An introduction by Douglas Turkington and Peter Weiden makes the point that the benefits of CBT for psychosis "usually develop slowly following a period of joint work" (p. 5). As such, the text is not recommended for use by the consumer alone (or "service user," as the book notes in its consistently British usage). It is meant to be a complement to modalities including medication, therapy, rehabilitation, and employment.

Turkington and Weiden assert that for schizophrenia and other disorders involving psychosis, CBT is the psychotherapy supported by the most extensive scientific research base. Indeed, Turkington in particular has contributed substantially to this literature. Readers should appreciate, however, that few citations are provided, in keeping with the book’s consumer-oriented nature.

Through the book, readers can explore the nature of normality, paranoia and unusual beliefs, voices, negative symptoms, medication, vulnerability to psychosis, and ways to stay well and manage setbacks. Turkington’s chapter on voices contains material from the Hearing Voices Network, a recently developed organization that works to destigmatize and normalize psychotic experiences. Sarah K.J. Wilcock contributes a chapter explaining how CBT can help friends and family members of a psychotic person to cope better and become active participants in the loved one’s recovery.

The chapters contain a rich mix of intellectual exploration and simple exercises designed to get or keep one’s life on track. These variable approaches are to be expected in a compiled volume but may not be ideal for a disoriented person needing consistently realistic, practical instruction. The chapter on tablets and injections contains detailed pharmaceutical information (some of the drugs cited are appropriate for a British audience).

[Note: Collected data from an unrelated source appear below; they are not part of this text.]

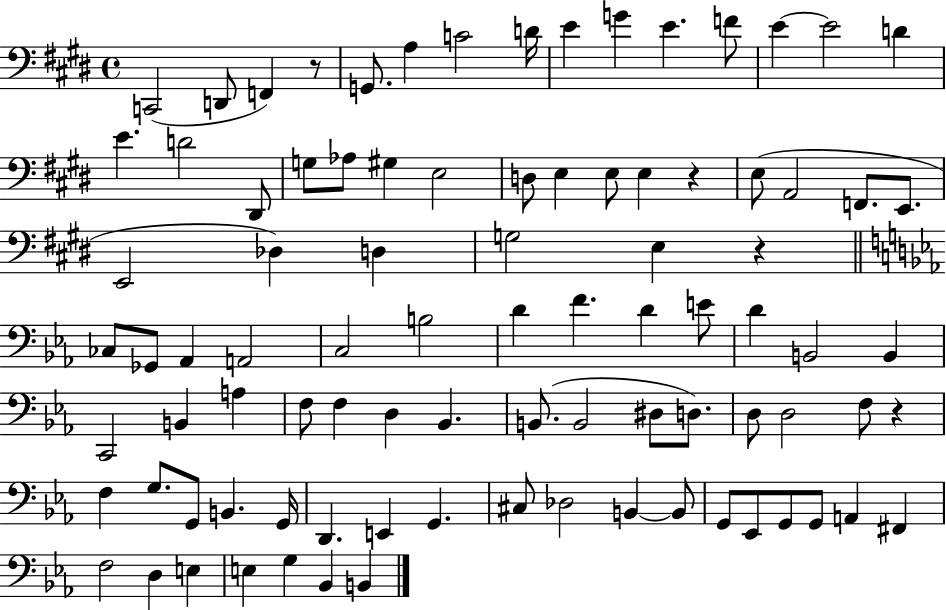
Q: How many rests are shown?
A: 4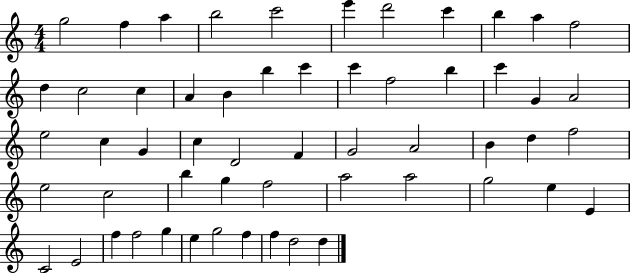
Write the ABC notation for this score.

X:1
T:Untitled
M:4/4
L:1/4
K:C
g2 f a b2 c'2 e' d'2 c' b a f2 d c2 c A B b c' c' f2 b c' G A2 e2 c G c D2 F G2 A2 B d f2 e2 c2 b g f2 a2 a2 g2 e E C2 E2 f f2 g e g2 f f d2 d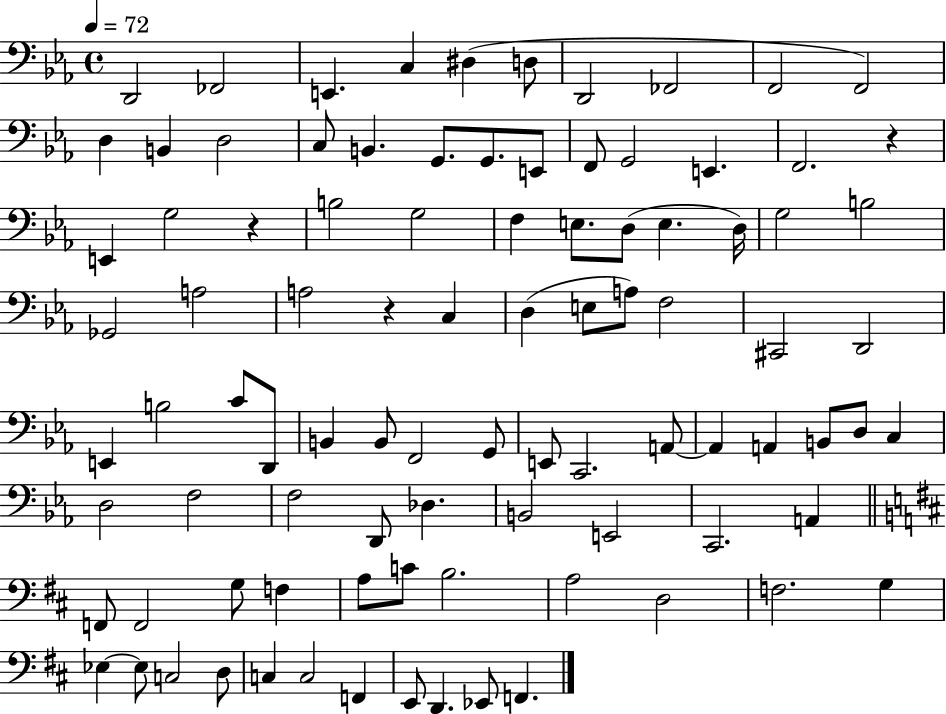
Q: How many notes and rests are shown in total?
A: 93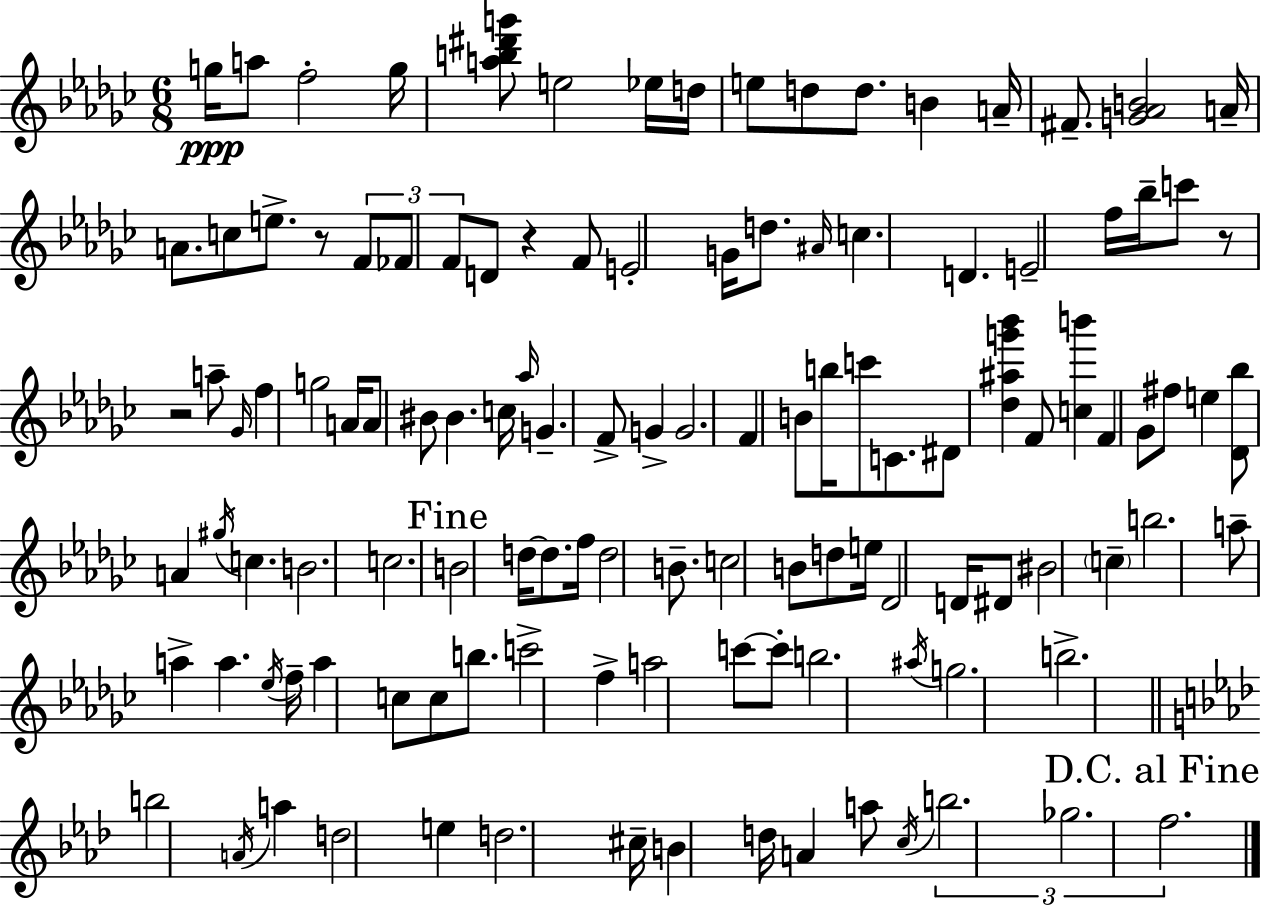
X:1
T:Untitled
M:6/8
L:1/4
K:Ebm
g/4 a/2 f2 g/4 [ab^d'g']/2 e2 _e/4 d/4 e/2 d/2 d/2 B A/4 ^F/2 [G_AB]2 A/4 A/2 c/2 e/2 z/2 F/2 _F/2 F/2 D/2 z F/2 E2 G/4 d/2 ^A/4 c D E2 f/4 _b/4 c'/2 z/2 z2 a/2 _G/4 f g2 A/4 A/2 ^B/2 ^B c/4 _a/4 G F/2 G G2 F B/2 b/4 c'/2 C/2 ^D/2 [_d^ag'_b'] F/2 [cb'] F _G/2 ^f/2 e [_D_b]/2 A ^g/4 c B2 c2 B2 d/4 d/2 f/4 d2 B/2 c2 B/2 d/2 e/4 _D2 D/4 ^D/2 ^B2 c b2 a/2 a a _e/4 f/4 a c/2 c/2 b/2 c'2 f a2 c'/2 c'/2 b2 ^a/4 g2 b2 b2 A/4 a d2 e d2 ^c/4 B d/4 A a/2 c/4 b2 _g2 f2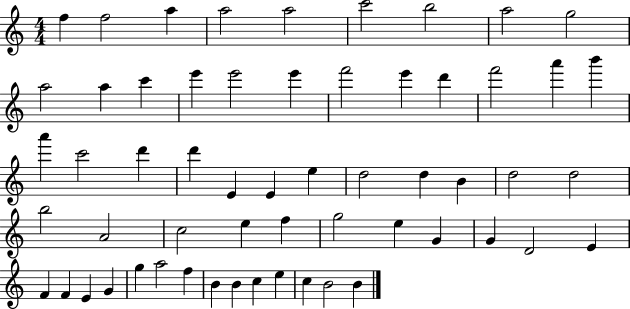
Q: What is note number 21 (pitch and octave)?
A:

The cheerful tone and generously positive advice make this guidebook an especially helpful contribution to the clinician’s collection. As the introduction notes, CBT is safe and easy to learn. It should be more widely used with psychotic individuals. Patients, their family members, and clinicians could greatly benefit from this book as it covers these topics in a friendly workbook style with exercises. We have already recommended it in our clinic.